[[ Provided records open ]]
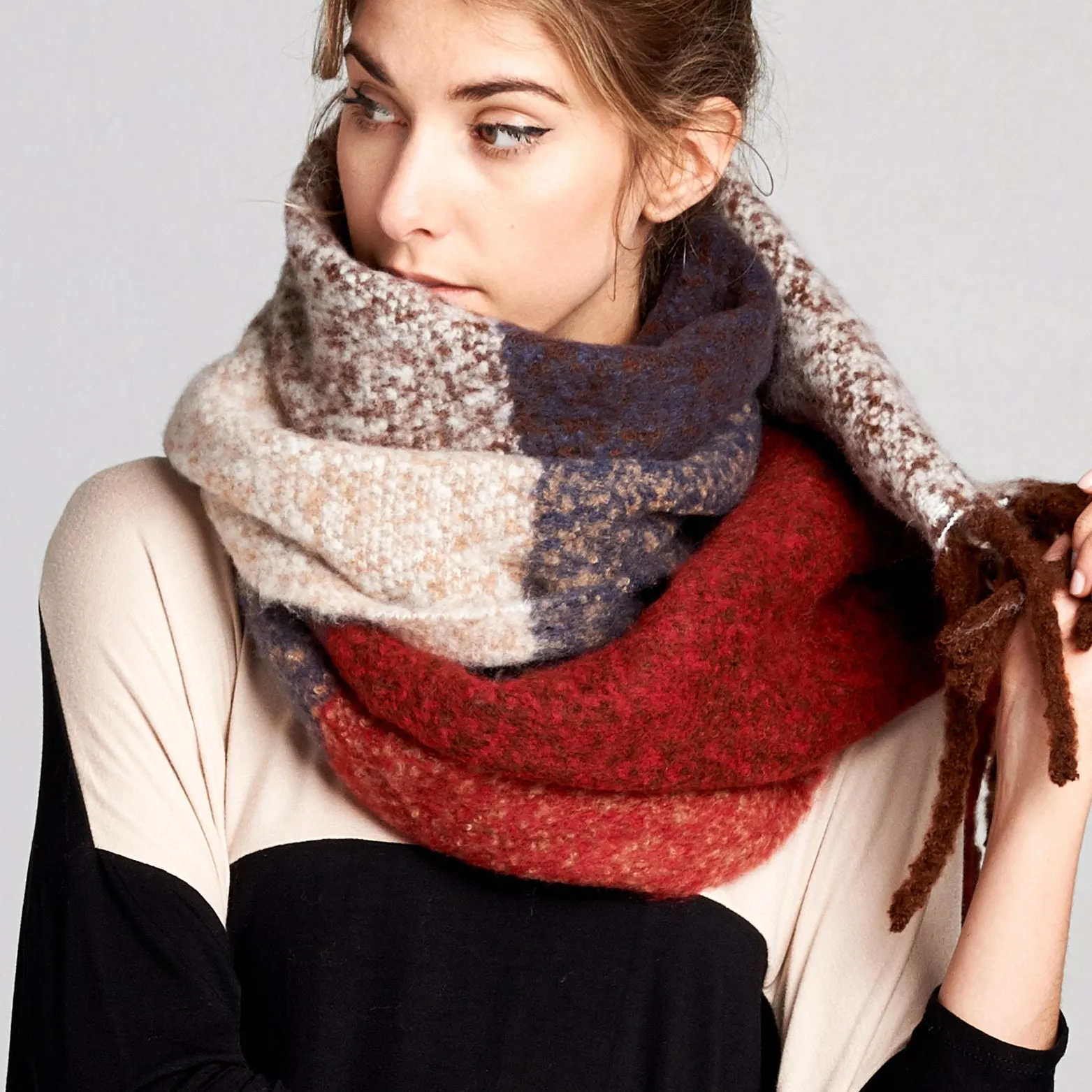 Extra Soft Color Block Cozy Scarf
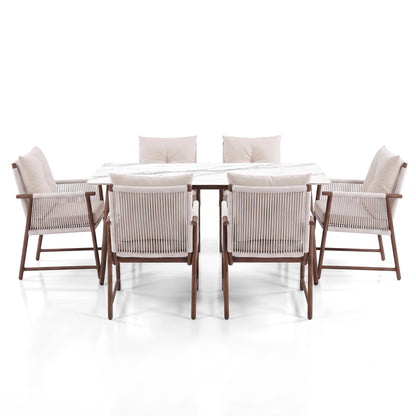 Complete modern dining set with table and six cushioned chairs on a white background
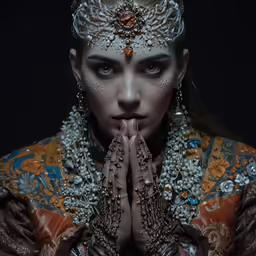 woman with dark make - up and jewelry looks at the camera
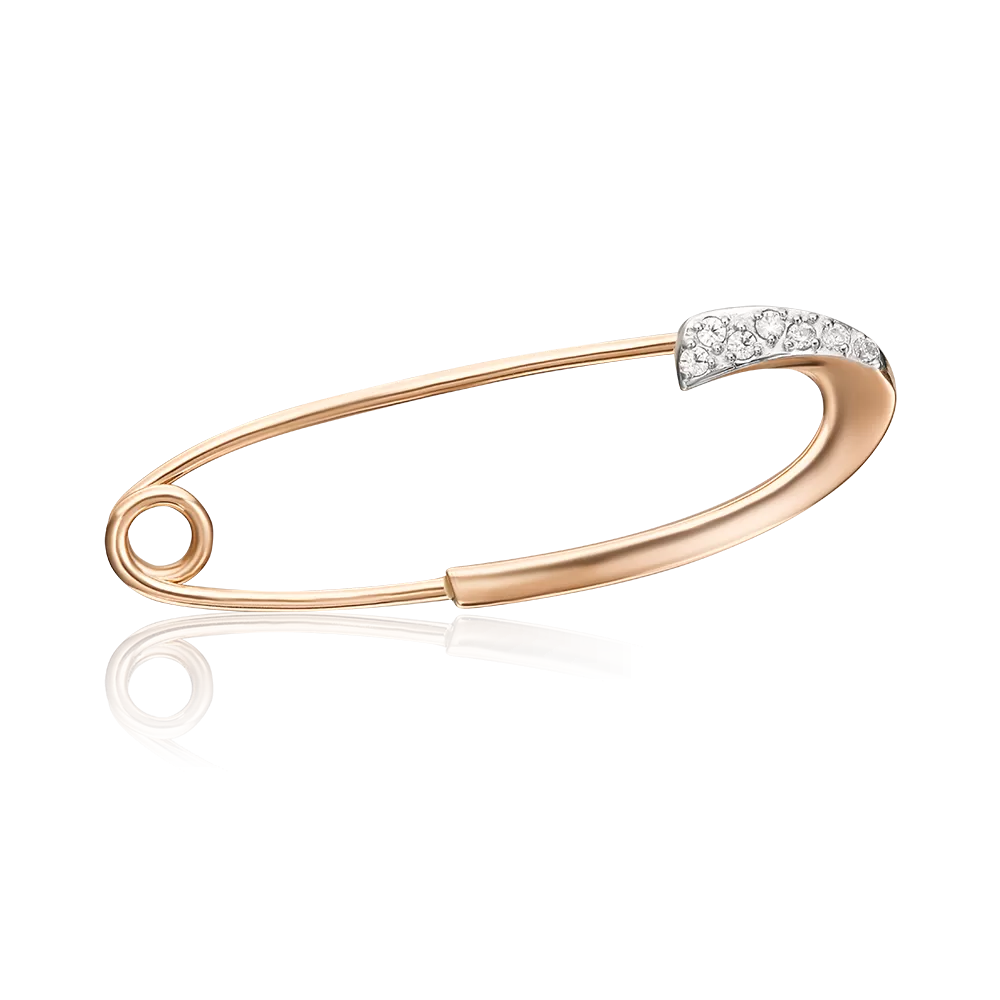 Брошь-булавка из красного золота с фианитами 04-0105-00-401-1110-03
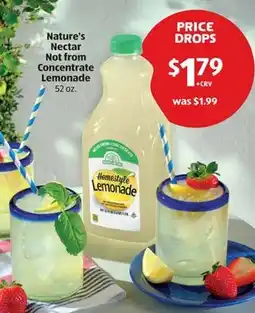 Aldi Nature's nectar not from concentrate lemonade offer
[[ Provided records closed ]]
An exact copy of the lines from the one with "Complete modern dining" through the end of the records: produce that and nothing more, leaving out the pictures.

 Complete modern dining set with table and six cushioned chairs on a white background
 woman with dark make - up and jewelry looks at the camera
 Брошь-булавка из красного золота с фианитами 04-0105-00-401-1110-03
 Aldi Nature's nectar not from concentrate lemonade offer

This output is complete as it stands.